McAran has the unique distinction of having served as president of both the Tecumseh Kiwanis Club and Tecumseh Rotary Club. “I have the proud distinction of being one of the few who have served as president of both clubs,” he said.
He has served many other local organizations and foundations along the way, including a long tenure on the board of Herrick Hospital, as it was called when he took his seat. “I stopped for gas at Easton’s [now Baker Brothers] and Harold [Easton] said, ‘I’m going to nominate you for the hospital board,’” said McAran. He served on the board for 13 years. He also served on the board of the Lenawee Health Authority, which governed both Herrick and Bixby hospitals.
But McAran’s history in Lenawee County goes even farther back. He was born in Petersburg and graduated from Summerfield High School in 1962, having participated in wrestling, football, and baseball. After graduation from high school, he attended Adrian College (AC), where he continued his interest in sports, wrestling in particular, participating through his four years at the college.
He was president of his freshman class at AC, but it was during his sophomore year that he experienced an event that would change his life. He met a freshman named Judy. They married in 1966, the year he graduated with a major in social studies and a minor in English.
That was also the year that he began his 47 years in education by accepting a teaching position at Fraser High School, north of Detroit. During that time, he spent his summer as a deputy with the Huron-Clinton Authority, cruising Lake St. Claire as a law enforcement officer.
After his stint at Fraser High School, he accepted a position with Utica Ford as assistant principal in 1975. He came to Tecumseh High School when principal Clarence Lacny hired him as his assistant in 1976.
McAran said that he is retiring with a great sense of satisfaction. “We are operating right now on less revenue than we were in 2002,” he said, “and despite that, we have never had to cut any academic or athletic programs. We have added orchestra, full-time choir instruction at the high school and middle school.”
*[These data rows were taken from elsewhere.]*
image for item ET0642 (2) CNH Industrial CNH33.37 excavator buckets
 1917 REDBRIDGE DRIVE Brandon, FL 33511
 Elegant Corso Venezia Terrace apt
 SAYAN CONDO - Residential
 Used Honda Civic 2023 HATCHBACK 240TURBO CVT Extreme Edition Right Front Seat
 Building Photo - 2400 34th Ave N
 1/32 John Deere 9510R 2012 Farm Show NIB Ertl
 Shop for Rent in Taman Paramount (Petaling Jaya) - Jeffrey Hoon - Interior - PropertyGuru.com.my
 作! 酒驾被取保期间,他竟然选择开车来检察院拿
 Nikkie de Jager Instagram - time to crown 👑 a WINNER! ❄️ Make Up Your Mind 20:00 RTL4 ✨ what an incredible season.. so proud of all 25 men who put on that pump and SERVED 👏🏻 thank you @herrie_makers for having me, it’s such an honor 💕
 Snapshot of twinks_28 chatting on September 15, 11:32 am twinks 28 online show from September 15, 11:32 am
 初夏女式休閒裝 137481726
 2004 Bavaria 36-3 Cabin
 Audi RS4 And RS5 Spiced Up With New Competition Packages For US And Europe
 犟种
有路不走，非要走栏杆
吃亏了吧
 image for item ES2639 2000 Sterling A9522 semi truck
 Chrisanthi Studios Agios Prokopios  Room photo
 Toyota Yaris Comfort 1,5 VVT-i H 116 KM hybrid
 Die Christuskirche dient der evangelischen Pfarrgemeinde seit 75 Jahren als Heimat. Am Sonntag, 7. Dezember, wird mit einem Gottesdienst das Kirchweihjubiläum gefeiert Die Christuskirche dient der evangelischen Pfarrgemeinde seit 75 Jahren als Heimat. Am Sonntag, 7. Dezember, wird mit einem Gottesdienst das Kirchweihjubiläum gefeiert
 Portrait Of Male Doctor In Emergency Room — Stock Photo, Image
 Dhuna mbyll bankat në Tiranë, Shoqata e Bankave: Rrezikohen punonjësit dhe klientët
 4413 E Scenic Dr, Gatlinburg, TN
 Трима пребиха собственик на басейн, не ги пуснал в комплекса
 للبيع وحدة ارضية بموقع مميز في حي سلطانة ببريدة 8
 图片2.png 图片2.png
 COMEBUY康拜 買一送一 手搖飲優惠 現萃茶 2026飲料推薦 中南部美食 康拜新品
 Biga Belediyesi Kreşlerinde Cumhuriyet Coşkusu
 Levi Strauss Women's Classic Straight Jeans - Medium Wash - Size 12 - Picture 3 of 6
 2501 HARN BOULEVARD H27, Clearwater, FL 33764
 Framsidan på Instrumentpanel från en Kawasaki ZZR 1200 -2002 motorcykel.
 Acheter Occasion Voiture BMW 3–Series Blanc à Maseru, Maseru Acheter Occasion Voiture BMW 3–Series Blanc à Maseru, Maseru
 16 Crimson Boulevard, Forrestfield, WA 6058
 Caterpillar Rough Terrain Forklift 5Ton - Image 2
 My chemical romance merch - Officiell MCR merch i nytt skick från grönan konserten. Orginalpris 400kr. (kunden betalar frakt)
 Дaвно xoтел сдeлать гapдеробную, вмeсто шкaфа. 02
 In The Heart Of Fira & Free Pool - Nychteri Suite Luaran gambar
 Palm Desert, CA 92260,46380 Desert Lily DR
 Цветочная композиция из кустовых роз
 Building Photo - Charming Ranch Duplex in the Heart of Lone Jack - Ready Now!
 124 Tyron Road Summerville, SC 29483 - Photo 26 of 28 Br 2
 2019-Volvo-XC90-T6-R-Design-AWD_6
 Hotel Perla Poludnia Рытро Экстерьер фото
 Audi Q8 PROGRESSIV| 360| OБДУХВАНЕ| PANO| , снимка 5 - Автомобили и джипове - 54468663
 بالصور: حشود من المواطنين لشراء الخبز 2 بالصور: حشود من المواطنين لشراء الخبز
McAran said that one of his proudest moments came recently when a teacher told him that she was grateful to be in the district because most districts in the county and the state had cut art, music, and physical education, but TPS has managed to continue offering those courses.
“I’ve had to make some tough calls,” he said. “I didn’t like privatizing the departments that we did, but the board agreed it was necessary to keep the educational programs. I also have no regrets about supporting the new football stadium. It’s a great selling point for people who come here. It makes the school and Tecumseh more attractive to new residents. I give a lot of credit to the board at that time. It took a lot of courage to vote for it. It was a controversial move, but I think most people are happy that we have it now.”
As for what comes after nearly half a century in the education business, McAran said that he still hasn’t had enough. He still has children in the system, both teaching and studying, and he plans on offering his services on a volunteer basis to Indian sports.
“Judy and I have no intention of leaving Tecumseh,” he said. “It’s a great place to live. Always has been and I think it always will be. I plan to be working out a little more and riding my bike, but I hope to be coaching, too. Florida or Arizona are not in the game plan.”